A year of these encounters ended with Webb ditching her PhD plans and enrolling at Yale School of Medicine upon her return to the USA. Her studies took her from Oregon to Connecticut to California, before Webb plotted a course back to Indonesia to set up a programme combining human and environmental health. She knew the two elements were entwined, but not how such a union would look.
Meanwhile, the people of Sukadana were losing their forests faster than ever. Since the mid-1990s, loggers had attacked Gunung Palung National Park with purpose. The sound of chainsaws and falling trees penetrated the thick forest. By 2003, the threat of illegal logging forced authorities to close the research station deep inside it. Logging and farms bit and chewed at the park’s borders, eventually eating up one-fifth its forests. When Webb returned after medical school, she was amazed and relieved to find much of the park’s core still intact.

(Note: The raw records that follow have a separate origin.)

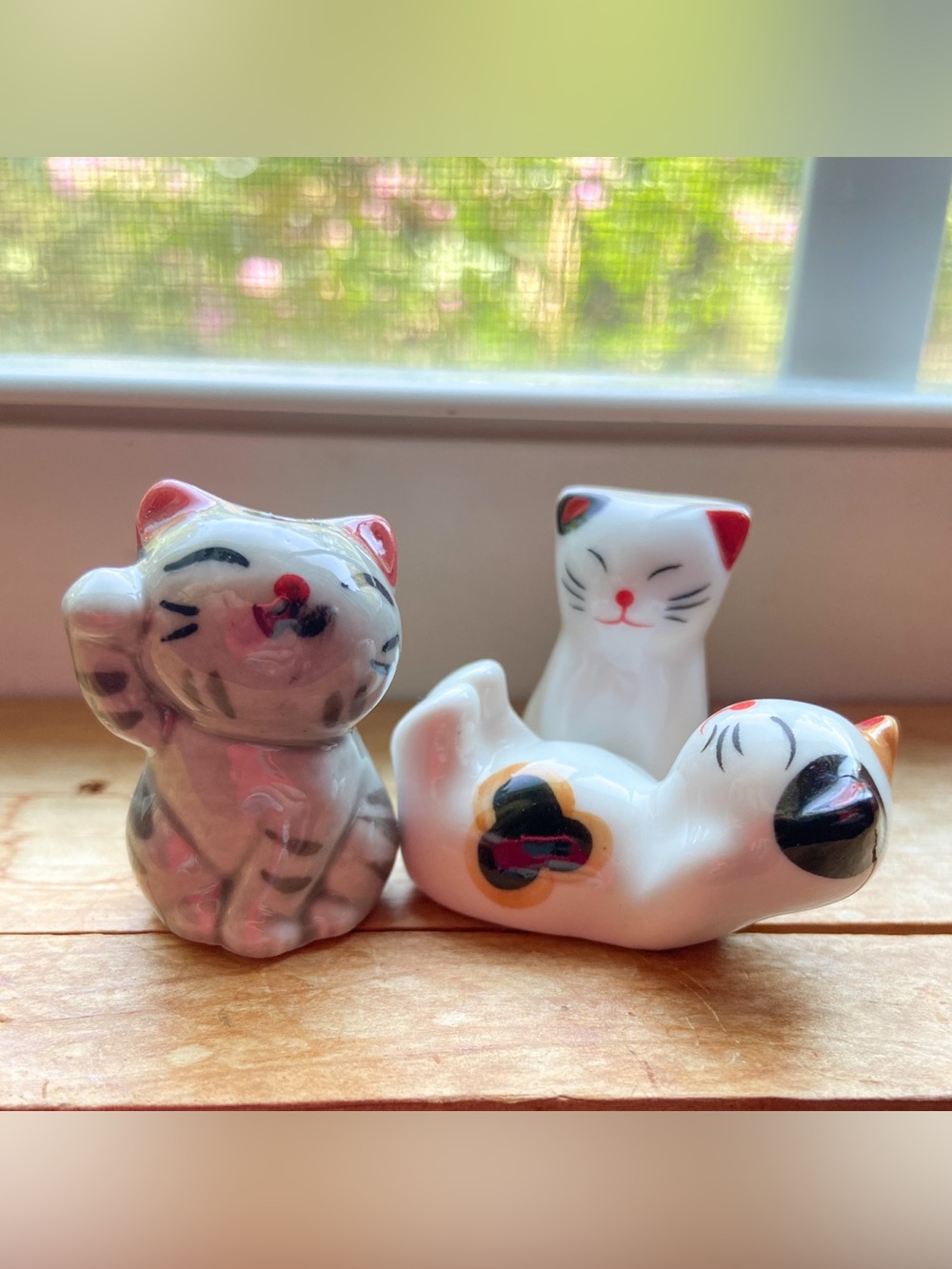 Vintage Mini Ceramic Lucky Cat Chopstick Rests Set of 3 Figurines (Maneki Neko)
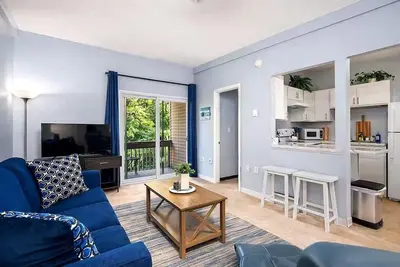 Image de Weirs Beach Condo w/ Pool Near Lake & Gunstock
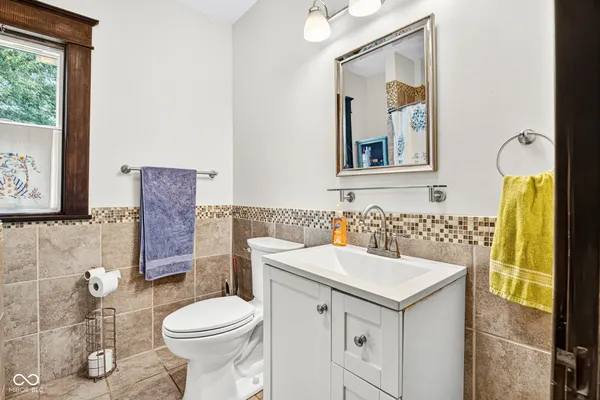 $174,000 | 208 West Walnut Street, Sharpsville, IN 46068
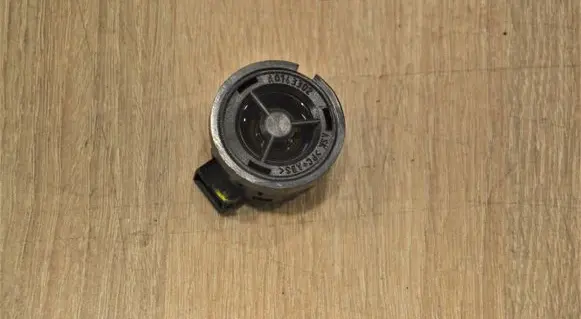 Alfa Romeo Giulietta Front door high frequency speaker 528393184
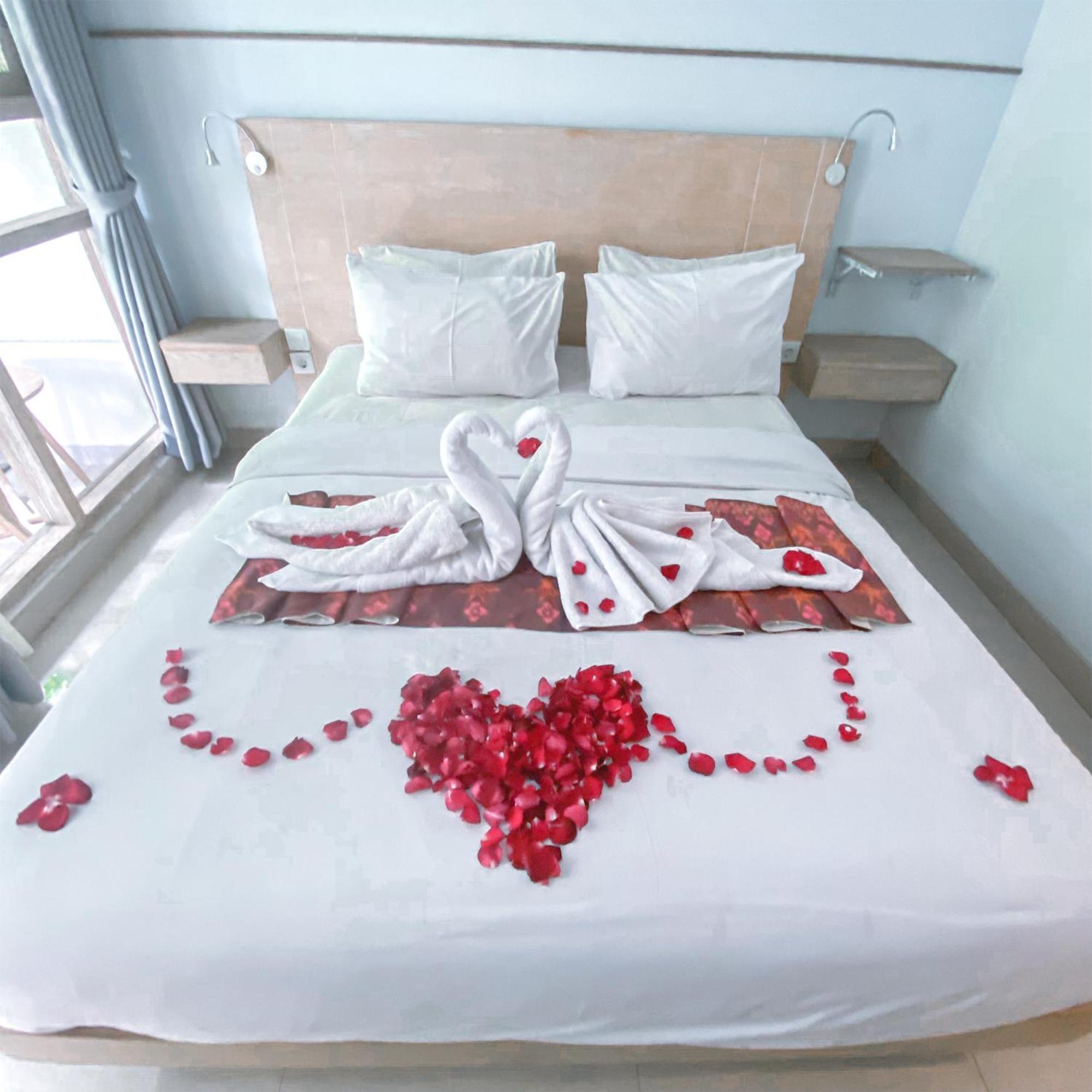 ג'ימבאראן Manuver Surf And Stay Uluwatu Bali מראה חיצוני תמונה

In 2006, Webb formed a team and applied to open a clinic in Sukadana. The two-month application slowed to a six-month drag but finally, in July 2007, it opened. Webb and her team went to all of the villages around the national park and conducted formal surveys – or “radical listening”, as she calls them. Leaders of farmers, fishermen and cooperatives, men and women alike, gathered to share their thoughts. ASRI asked the villagers: “You are guardians of this precious rainforest that is valuable to the whole world. What would you need as a token of gratitude from the world community?” The villagers requested two things: training in organic farming – meaning they wouldn’t have to buy expensive chemical fertilisers and pesticides – and quality healthcare that they could afford.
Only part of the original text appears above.